Can I confess to some Schadenfreude that they're suddenly not the bastion of endlessly absorbing fun and geek free expression? Please please please?
Yes. Especially since I've been telling myself that I'm not allowed to make snarky comments about "Fast Eddie" anywhere.
Just want you all to know, I'm here, and I'm listening, and I'm nodding like a bobble-head at a lot of these posts.
About my own childhood, I'm not quite ready to post. One of my mother's and my last conversations (Jesus, just the beginning of this month) was about how the rest of the family didn't think she and I were very close. And then we shared that "but we know better" smile. And I can't continue this line of thought, or I'll wind up bawling at work.
Suffice it to say that there are very good reasons that I do not want children of my own, but I am willing to help take care of a family-sized number of my friends/chosen family. Close friendship and mutual assistance are exhausting in a very different way, but the notion of being responsible for someone's welfare the way my mother was responsible for mine in my early life simply terrifies me.
President Obama is here in town and paid cash for a to-go order of 5 chili dogs, 4 regular dogs and a cheeseburger at the Varsity.
I'm picturing him handing out lunch to the Secret Service guys and scolding them for not thinking to bring any pocket money.
What's a frosted orange?
I don't think it's a kids-today thing, or at least not entirely so: my step-sis was entirely capable of yelling "I hate you" and slamming the door.
I guess you're right -- looking back, I know at least one friend of mine had horrible screaming matches with her mother.
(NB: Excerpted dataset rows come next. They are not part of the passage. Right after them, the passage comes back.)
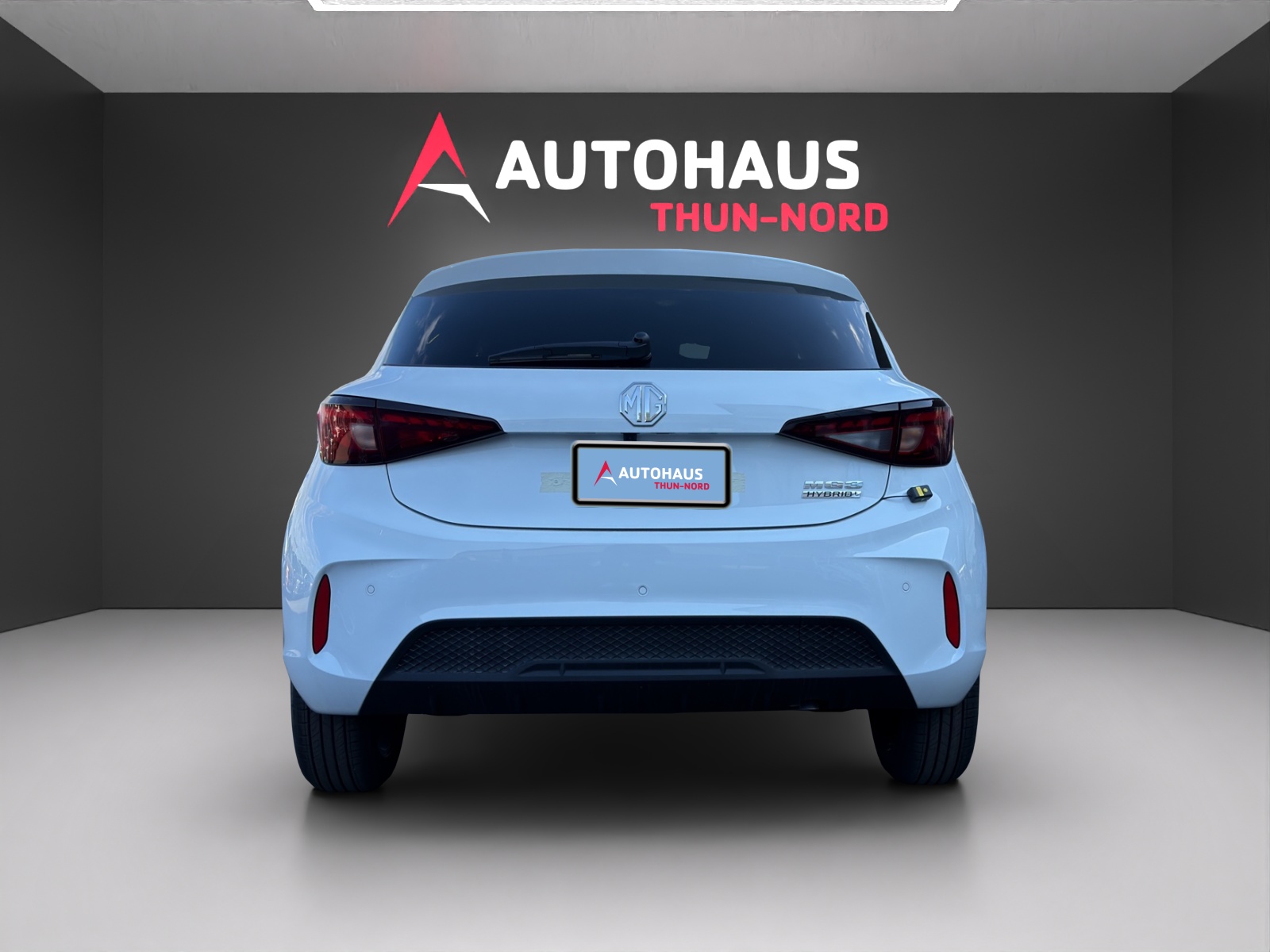 MG 3 1.5 Hybrid Luxury-image-6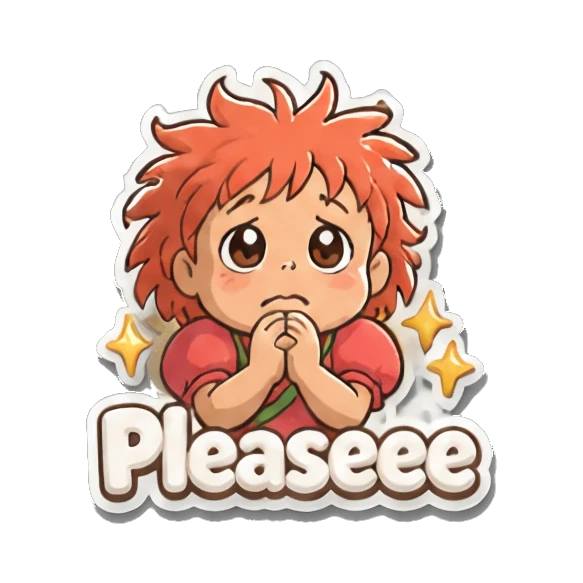Sticker 13 from Mood Story 8279d4f3, designed for expressive chats, social replies, and everyday reactions.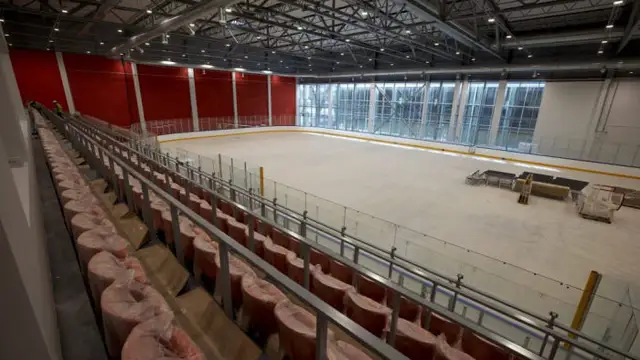 Город Резекне официально готов принять матчи ЧМ по хоккею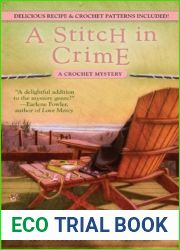 A Stitch in Crime (Crochet Mystery, #4)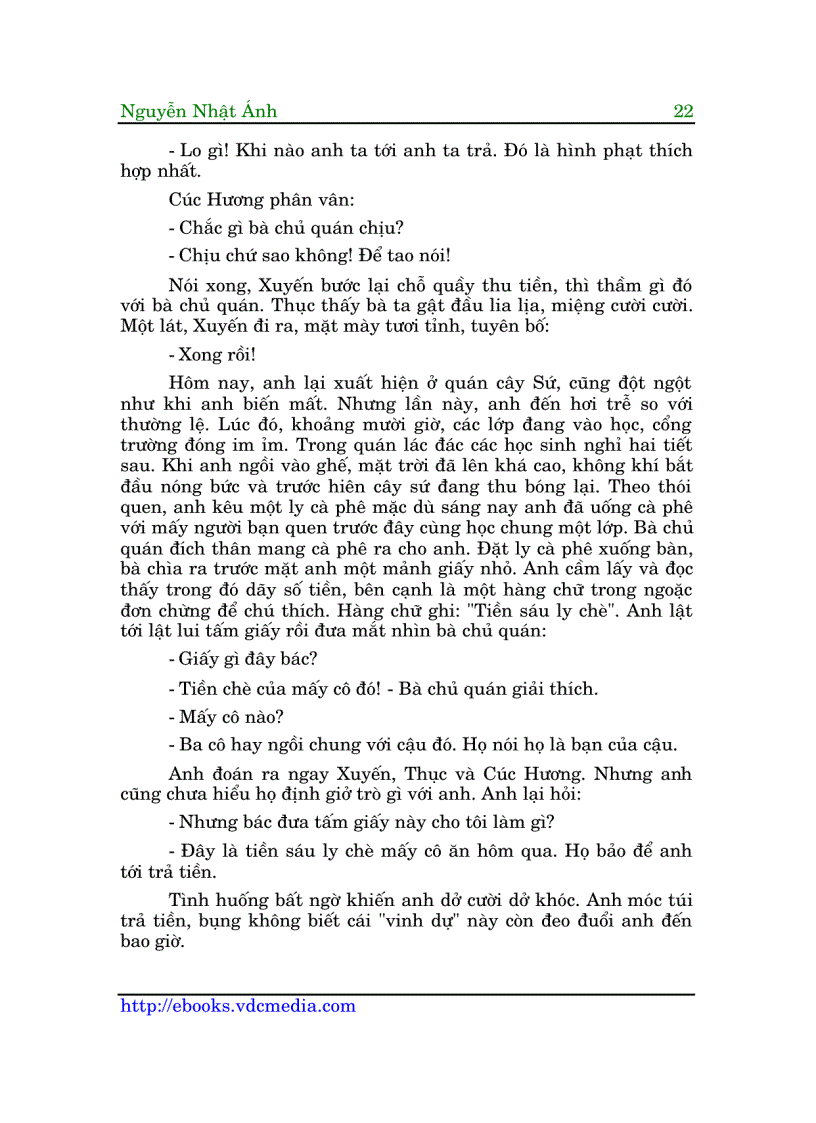 image for page Nữ Sinh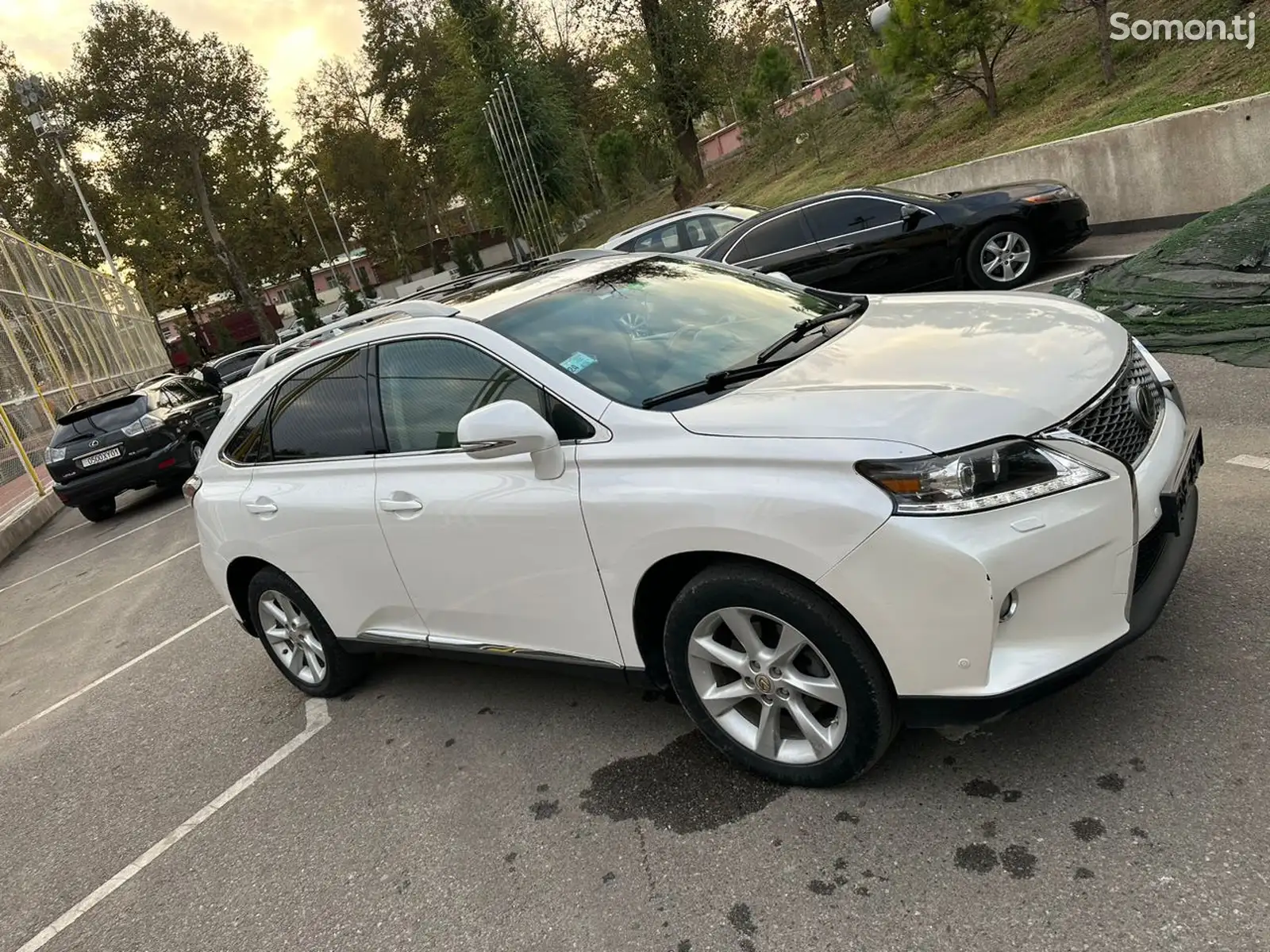 Lexus RX series, 2012-4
It was just unthinkable for me, and for Stephen with his parents, too.
I think this.
I also think I could eat onion rings till I got the heart-attack-with-purchase.
Hi, Karl!
Alan Grayson took my question online...bet he was wishing I could say it in cash...me too, brother, but I feel gutsier already.
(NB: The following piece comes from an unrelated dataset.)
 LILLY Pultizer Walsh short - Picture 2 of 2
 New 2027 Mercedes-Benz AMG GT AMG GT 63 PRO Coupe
My older sister (b. 1959) use to have screaming fights with our mother. Sometimes Dad would take me out for a drive so we didn't have to listen to them. Later on, Mom and my sister were practically BFFs. I can't picture either of my sister's kids telling her they hate her, but maybe they were just on good behavior when they were of the age to do so and I was visiting.
I know I wrote a school paper in elementary school about how John Denver and Olivia Newton-John would be my preferred parents.
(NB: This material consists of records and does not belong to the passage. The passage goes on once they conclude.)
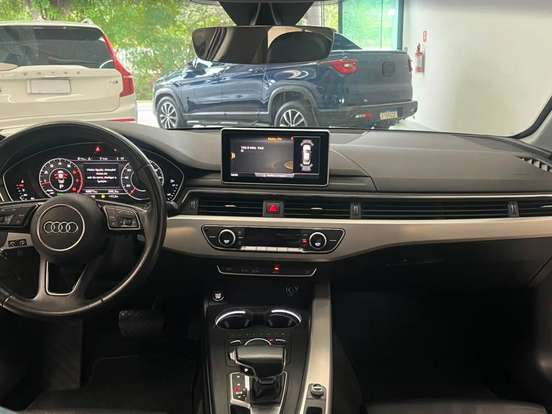 AUDI-A4-2.0 TFSI AMBITION QUATTRO GASOLINA 4P S TRONIC AUDI-A4-2016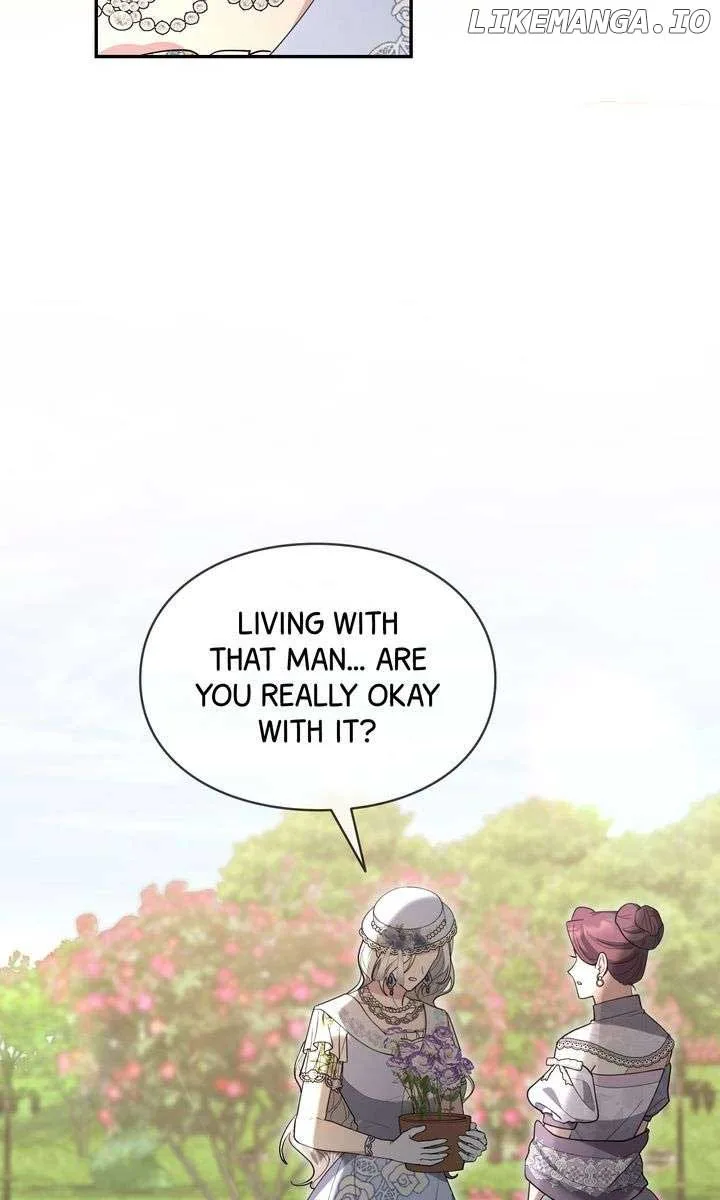 I Don’t Want to Be a Lady Chapter 49 page 25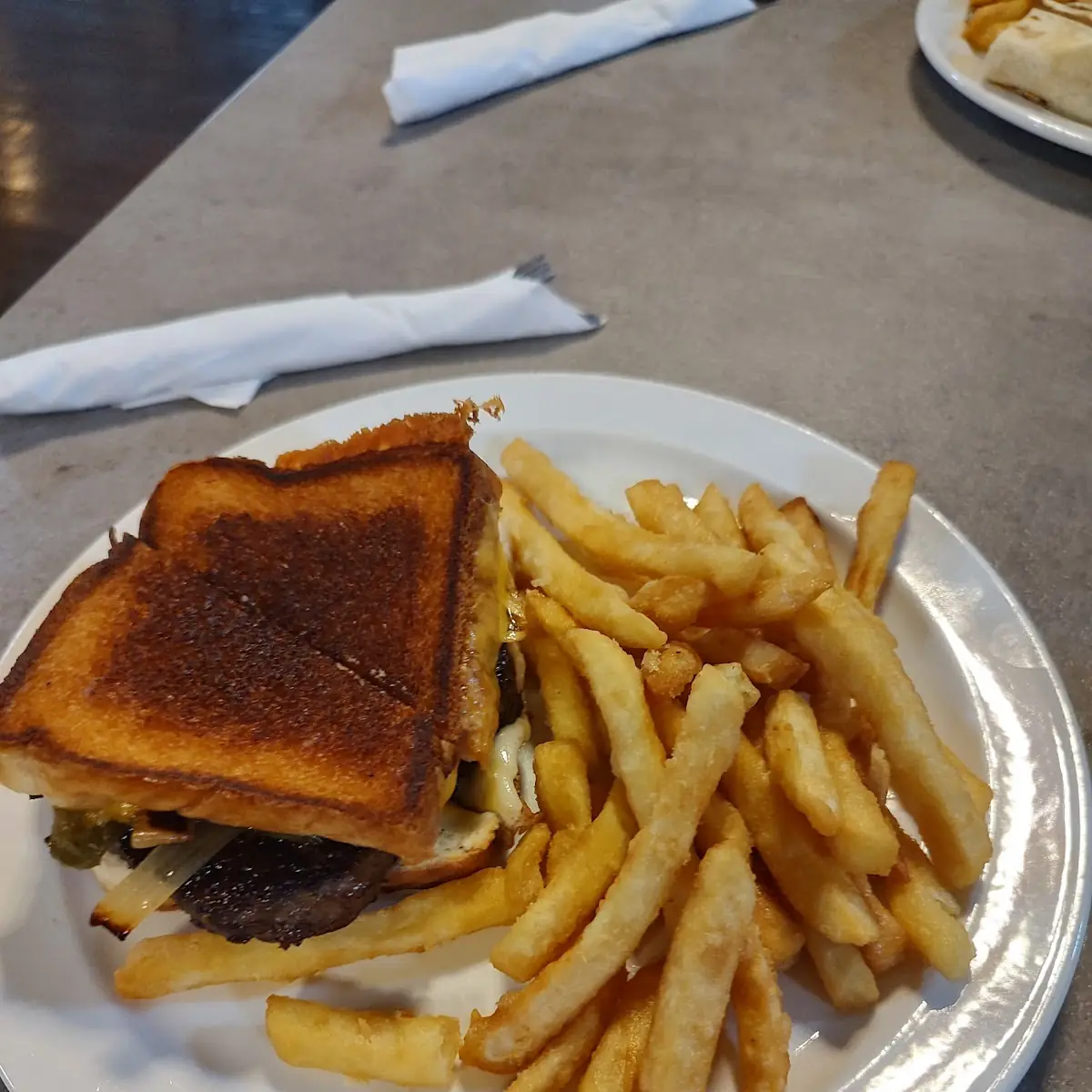 Impossible Burger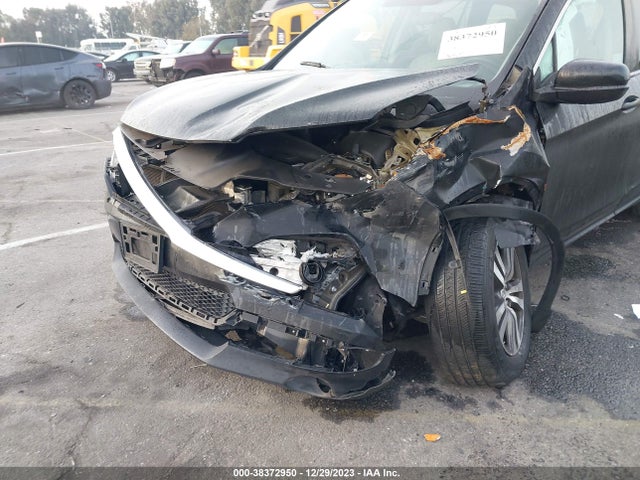 Honda Pilot Ex 2018 5FNYF5H35JB032023 Image 6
Listening, especially easy listening, is such an important part of being a parent.
I don't think I ever told my parents I hated them, being also too invested in the 'good kid' role. I'm pretty sure others of my siblings did. My older brother was still saying it in his thirties, when his drug addiction was at its worst. I too flinch when near an angry person, even if not related to me. Not something I got from my parents; they were rarely angry, and never scary when they were. Maybe I got it from my brother.
Tom, although I knew I probably felt anger at my parents, I had a horrible time accessing it-plus I was a total ACOA and it was my job to understand them, rather than be angry, you know? I was saved by my dreams--I had a long series of dreams where (spoiler-fonted for violence)
I killed, stabbed, and otherwise attacked them, culminating in one where I beheaded my mother and when her head STILL wouldn't stop talking, I shot it into space from a cannon.
Kinda hard to ignore.
Good Wife:
Kristen Chenowith
Story
Scrappy, your subconscious was on the job!